I did my homework, then let DC pick. And he did. After DC had cooked up a couple of excellent meals, I asked for his review.

“It’s the best grill I have ever used,” said DC, who has had both fancy gas and charcoal grills before. “I like that you don’t need to worry about a propane tank running out or blowing up, a gas line, or a supply of charcoal. I like that all you need is an outlet, and wood pellets, which aren’t nearly as messy as charcoal. I like that you get a smoked-wood flavor, and that you can set the temperature like you do on an oven, shut the lid and walk away.”

Apparently, his reaction echoes the marketplace, where “electric wood-pellet grills are the fastest-growing segment,” said Dan Parrilli, senior merchant of grills for the Home Depot. “Consumers love that you can grill, smoke, bake, roast, braise and barbecue with the same cooker, and set the heat for low and slow or fast and hot.”

Beyond this blazing grill trend, America’s passion for outdoor grilling in general is still hot, hot, hot.

“Our national pastime for gathering around the grill is strong and showing all indications of continuing to grow,” said Jack Goldman, president of the Hearth, Patio & Barbecue Association, in a statement. He attributes the trend to our “continued passion for culinary adventure.”

Parrilli credits the strong interest to shows on the Food Network. As a result, “outdoor chefs are moving way beyond burgers and dogs, and are cooking pizzas, poppers and even French toast on their outdoor grills.”

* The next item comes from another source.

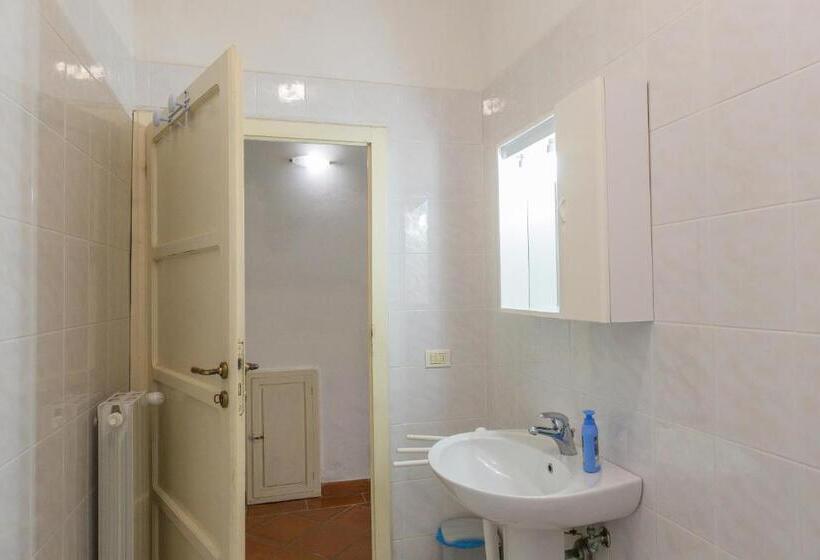 Апартаменты Superior 1 Спальня, Santa Lina   Fiordaliso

As outdoor grilling season heats up, I looked into what the hot trends were in a cooking method that dates back to the cavemen – and women — days.

No signs of cooling. This year, 37 percent of U.S. adults plan to purchase a new grill or smoker, according to the latest Hearth, Patio & Barbecue Association survey. Most buyers will be replacing or upgrading their current grills. Of the 10 percent of grill owners who have outdoor kitchens, one-third plan to add to them in the next few years.

It’s all about the flavor. Of the grill owners surveyed, 71 percent said improved flavor was the No. 1 reason they used grills. (However, I think women – with all due respect to the female pitmasters out there — aren’t admitting that it’s really about getting the man of the house fired up to cook a little more.)

The bells and whistles. The biggest advancements in outdoor grilling are in accessories, said Parrilli. “Today’s outdoor grills feature side burners, searing burners (a super-heated area for steaks), rotisseries, warming racks, smokers, broiling baskets, vegetable baskets, pizza stones, pizza ovens and oven thermometers. Also new are pans specific for such favorites as grilled cheese sandwiches or jalapeno poppers.”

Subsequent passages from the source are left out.